--- Listed records ---

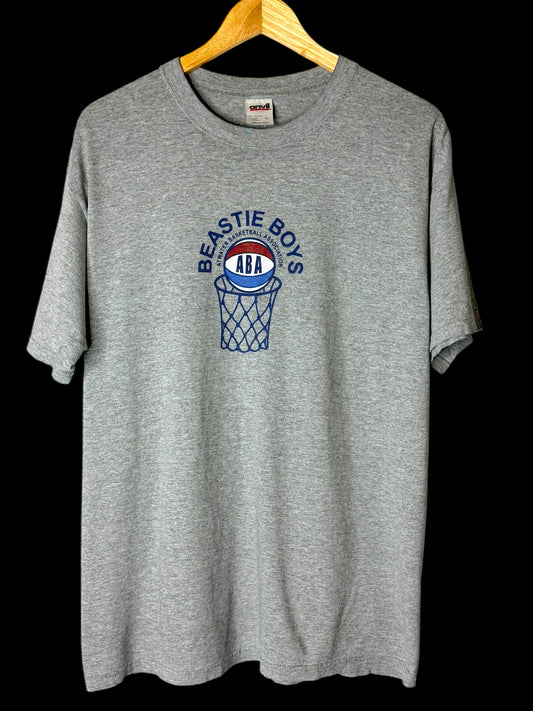 Vintage Y2K Beastie Boys ABA Grey T-Shirt L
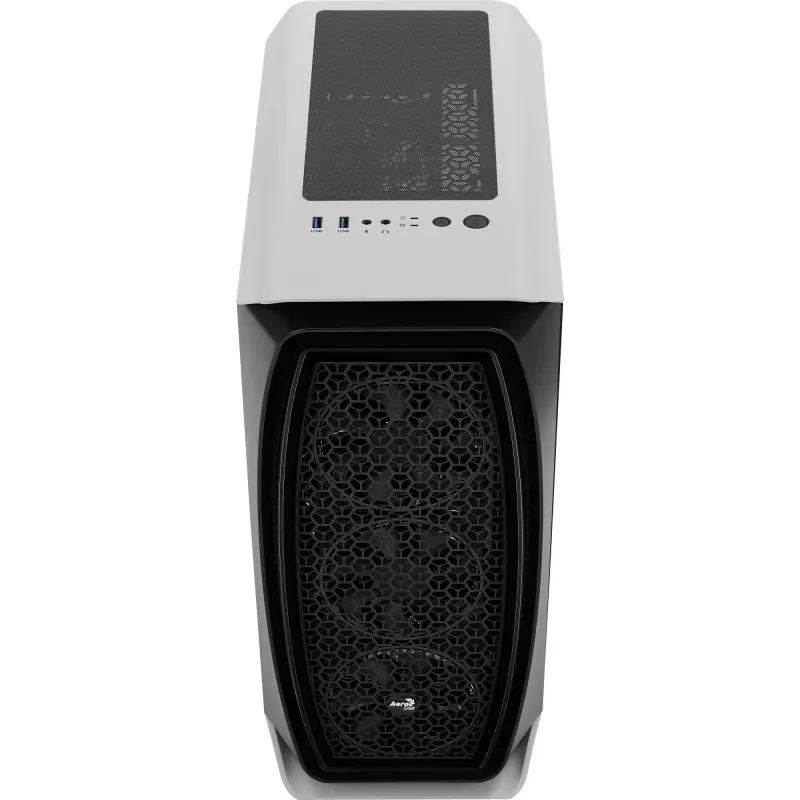 Aerocool Aero One Mini Eclipse Mini Tower Biały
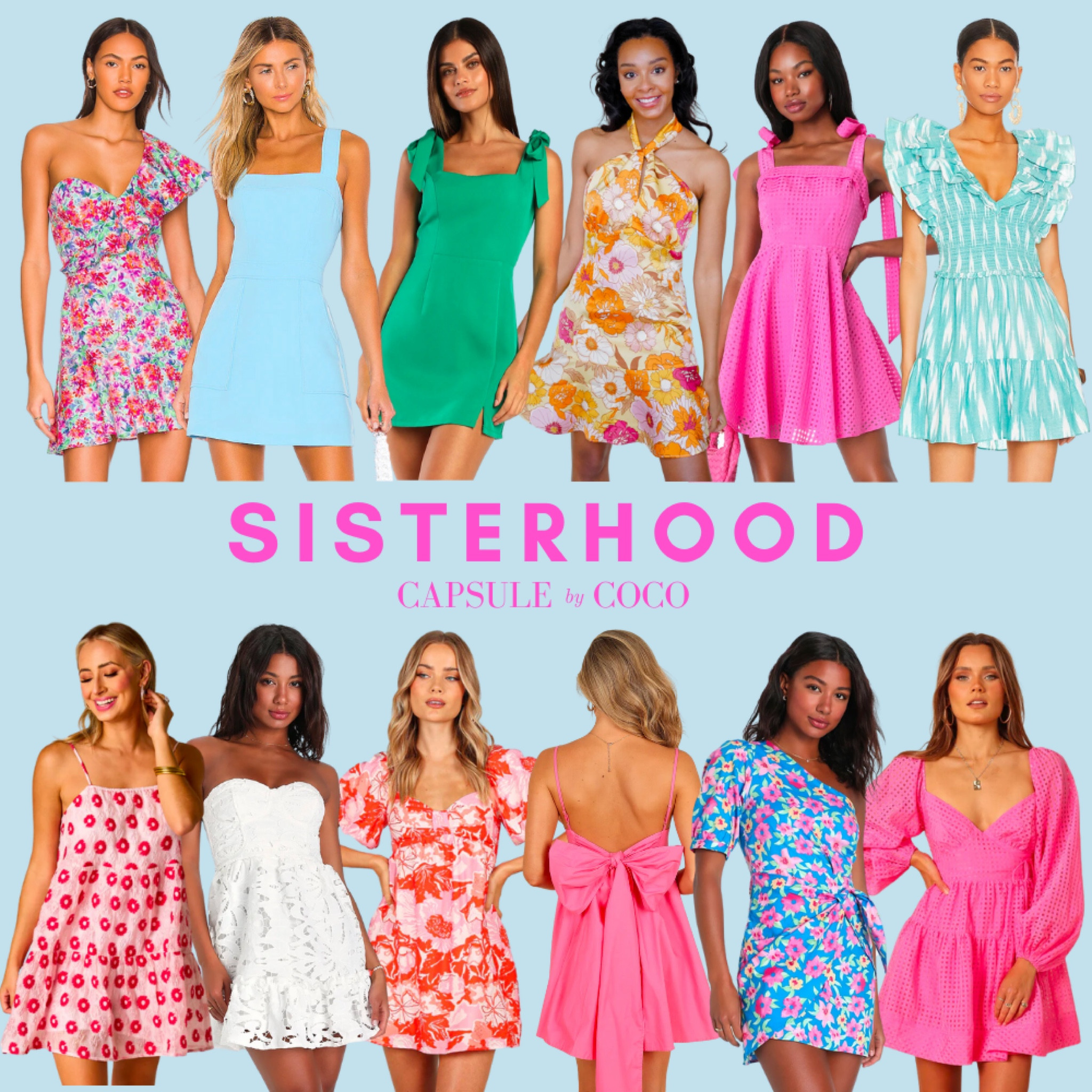 RUSH: SISTERHOOD ROUND!

Sorority rush, Sorority Recruitment, SEC, The University of Mississippi, Alpha Delta Pi, ADPi, Alpha Omicron Pi, AOPi, Alpha Phi, A Phi, Chi Omega, Chi O, Delta Delta Delta, Tri Delta, Tri Delt, Delta Gamma, DG, Dee Gee, Kappa Delta, KD, Alpha Chi Omega, A Chi O, Alpha Chi, AXO, Kappa Kappa Gamma, Kappa, KKG, Pi Beta Phi, Pi Phi, Phi Mu, Sigma Kappa, Sig Kap, Zeta Tau Alpha, Zeta, ZTA, Kappa Alpha Theta, KAO, Theta, Alabama, Bama, LSU, TCU, SMU, Mizzou, Mississippi State, Clemson, Oklahoma, UNC, Hotty Toddy, UM, Ole Miss, Philanthropy round, Philanthropy day, Sisterhood round, Sisterhood day, Preference round, Preference day, Pref round, Pref day, rush dress, rush dresses, recruitment dress, recruitment dresses, sorority rush dress, sorority rush dresses, sorority recruitment dress, sorority recruitment dresses, sorority rush outfit, sorority rush outfits, sorority recruitment outfit, sorority recruitment outfits, capsulebycoco

#LTKFind #LTKSeasonal #LTKU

---

#### What you are asked to do:
Make an exact copy of every entry above, minus the images.

#### Exercise solution:
 Vintage Y2K Beastie Boys ABA Grey T-Shirt L
 Aerocool Aero One Mini Eclipse Mini Tower Biały
 RUSH: SISTERHOOD ROUND!

Sorority rush, Sorority Recruitment, SEC, The University of Mississippi, Alpha Delta Pi, ADPi, Alpha Omicron Pi, AOPi, Alpha Phi, A Phi, Chi Omega, Chi O, Delta Delta Delta, Tri Delta, Tri Delt, Delta Gamma, DG, Dee Gee, Kappa Delta, KD, Alpha Chi Omega, A Chi O, Alpha Chi, AXO, Kappa Kappa Gamma, Kappa, KKG, Pi Beta Phi, Pi Phi, Phi Mu, Sigma Kappa, Sig Kap, Zeta Tau Alpha, Zeta, ZTA, Kappa Alpha Theta, KAO, Theta, Alabama, Bama, LSU, TCU, SMU, Mizzou, Mississippi State, Clemson, Oklahoma, UNC, Hotty Toddy, UM, Ole Miss, Philanthropy round, Philanthropy day, Sisterhood round, Sisterhood day, Preference round, Preference day, Pref round, Pref day, rush dress, rush dresses, recruitment dress, recruitment dresses, sorority rush dress, sorority rush dresses, sorority recruitment dress, sorority recruitment dresses, sorority rush outfit, sorority rush outfits, sorority recruitment outfit, sorority recruitment outfits, capsulebycoco

#LTKFind #LTKSeasonal #LTKU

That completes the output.